1.60年目の現場で何が起きている? 東大阪の小さな工務店・吉武工務店を覗いてみた
昭和40年創業、東大阪市池島町に根づく吉武工務店の現場は「静かな職人集団」ではありません。リビングのようにくつろげる自社オフィス、奈良・御杖村の古民家を使ったモデルハウス兼保養所など、自分たちの拠点から「面白い空間づくり」を試し続けている工務店です。社員は9名。決して大きくはないですが、オフィスリノベーション、住宅リフォーム、古民家再生、不動産事業までを一貫して手がけ、「お客様に喜ばれることを生きがい」に、今日も現場と向き合っています。
2. 「大工の息子」が背負った多額の借金と、つぶさないために選んだ“攻めの現場”
代表・吉田丈彦は、創業者である父から大工の技術と同時に、多額の負債も引き継ぎました。「会社をつぶさない」という守りだけでは返済のめどが立たない状況で、あえて選んだのが「攻めの現場」。従来の営繕・修理に加え、オフィスリノベや古民家再生など、リスクもあるがブランドになる仕事に踏み出しました。安定した下請けに流れず、自社で価値を生み出す方向へ舵を切ったことが、現在の吉武工務店のスタイルにつながっています。
3.1件1件が勝負の「オンリーワン現場」――オフィスも古民家も“設計図にない面白さ”だらけ
吉武工務店の仕事は、「同じ現場は二つとない」ことが前提です。東大阪の中小企業オフィスなら、経営者と話し込みながら、働き方からレイアウトまで一緒に再設計。御杖村の古民家再生では、築年数も構造もバラバラな建物に向き合い、図面通りにいかないことを楽しみながら解決していきます。だからこそ、現場での判断力・対話力・発想力が問われます。「決まった仕様をこなす」のではなく、「目の前のお客様にとってのベスト」をその場でつくっていく。それを面白がれる人に向いた現場です。
4. 少人数チームだからこそ味わえる、“一番近くで現場を動かす”仕事の手触り
社員9名の小さな組織では、誰もが「主語は自分」の立場になります。現場の段取り、職人さんとの打ち合わせ、予算調整、工程管理、お客様への説明まで、すべてが数名単位で回るため、「自分が動くと現場が動く」「止まると現場も止まる」という手触りを日々実感できます。指示待ちでいたくても、待つ相手がいない。自然と1番手として考え・決め・動く力が鍛えられる環境です。その分プレッシャーもありますが、「現場の中心で仕事をしたい人」にとっては、大手では得にくい成長速度があります。
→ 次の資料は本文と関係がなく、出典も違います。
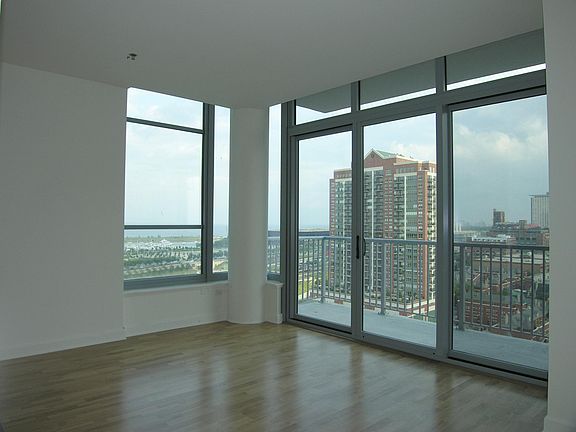 4th image of 1600 S Prairie Ave #1610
5. 図面づくりから引き渡し後の一杯まで――吉武工務店流「最初から最後まで付き合う」働き方
吉武工務店では、案件の入口から出口まで、同じ担当が寄り添うのが基本スタイルです。ヒアリング・プラン提案・見積り・施工管理・仕上げ確認・アフターフォローまで一貫して担当し、引き渡し後に、お客様と一杯交わしながら「ここが良かった」「次はこうしたいね」と話すような関係づくりを大切にしています。工事が終わっても関係が終わらないからこそ、手を抜けないし、喜んでもらえたときの実感も大きい。「心を込めた建築を贈ります」という言葉を、仕事の流れ全体で体現する働き方です。
6.代表・吉田が現場で見てきた「伸びる人・しんどくなる人」のリアル条件
伸びる人の共通点は、・わからないことを現場で素直に聞ける・お客様や職人さんとの会話を楽しめる・決まっていない状況を「面白い」と感じられるといった姿勢です。一方で、・マニュアル通りにだけ進めたい・失敗を極端に恐れて動けなくなる・人と関わるのが苦手で、図面だけ見ていたいというタイプは、裁量の大きさが負担になることも。吉武工務店の現場は、「生涯、チャレンジャー」でいたい人に向いた土俵だと言えます。
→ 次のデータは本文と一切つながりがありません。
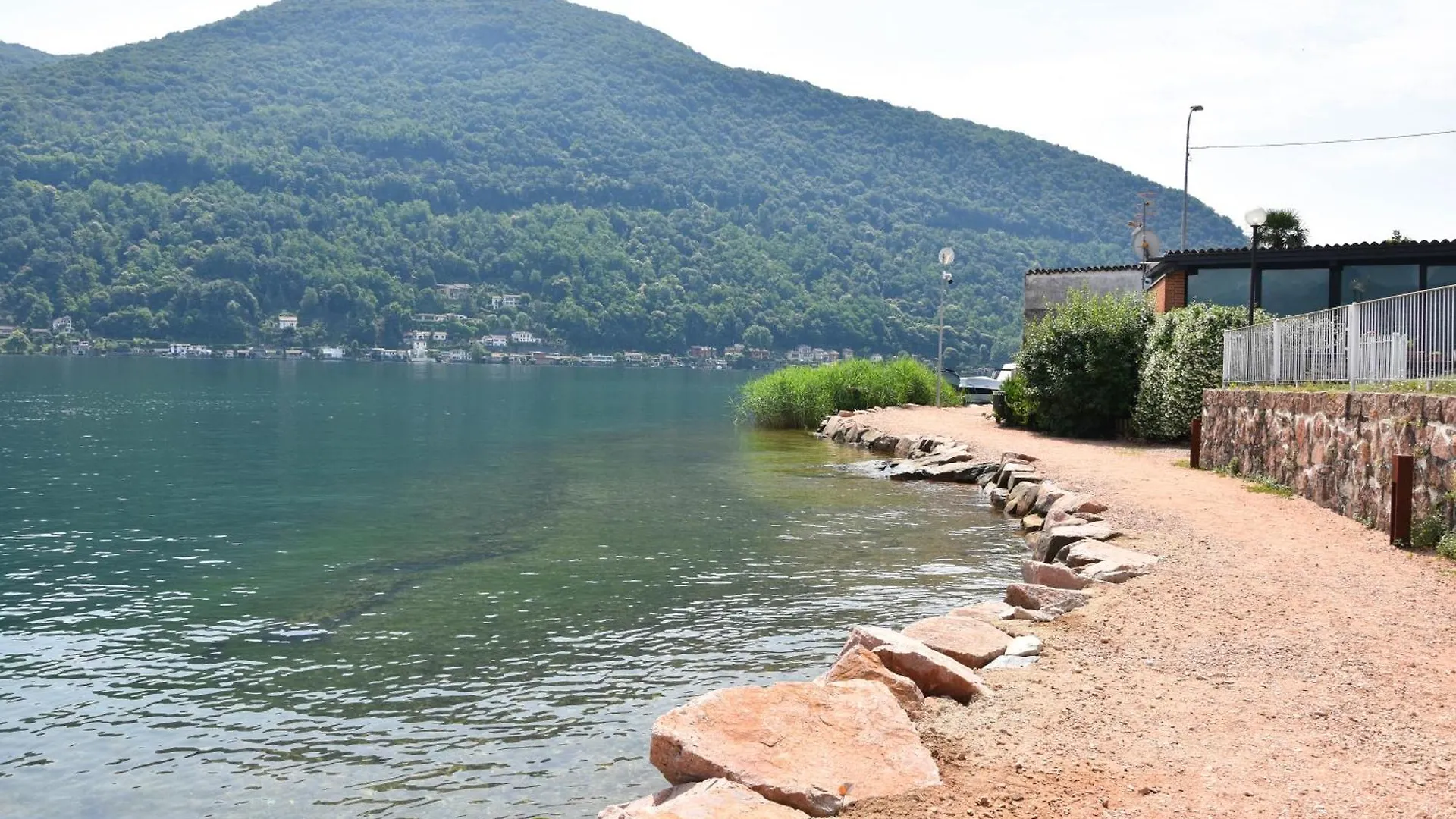 Zara House - Lake And Pet Friendly Brusimpiano Daire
7. 吉武工務店に飛び込む前にチェックしてほしい“チャレンジャー診断リスト”
以下に多く当てはまるほど、吉武工務店向きのチャレンジャータイプです。
- 図面通りにいかない現場を見ると、むしろワクワクする
- お客様とじっくり話しながら、一緒に形を決めていくのが好きだ
- 「小さな組織で、1番手として価値を出したい」と思っている
- 木造や古民家など、手仕事の残る建物に魅力を感じる
- できていないことを責めるより、「じゃあどうする?」と考えたい
- 仕事の質で評価されたい、量だけを求められるのは違うと感じる
このリストに心が動くなら、東大阪・吉武工務店の現場は、あなたの「生涯チャレンジャー」としてのキャリアを試せる場所になるはずです。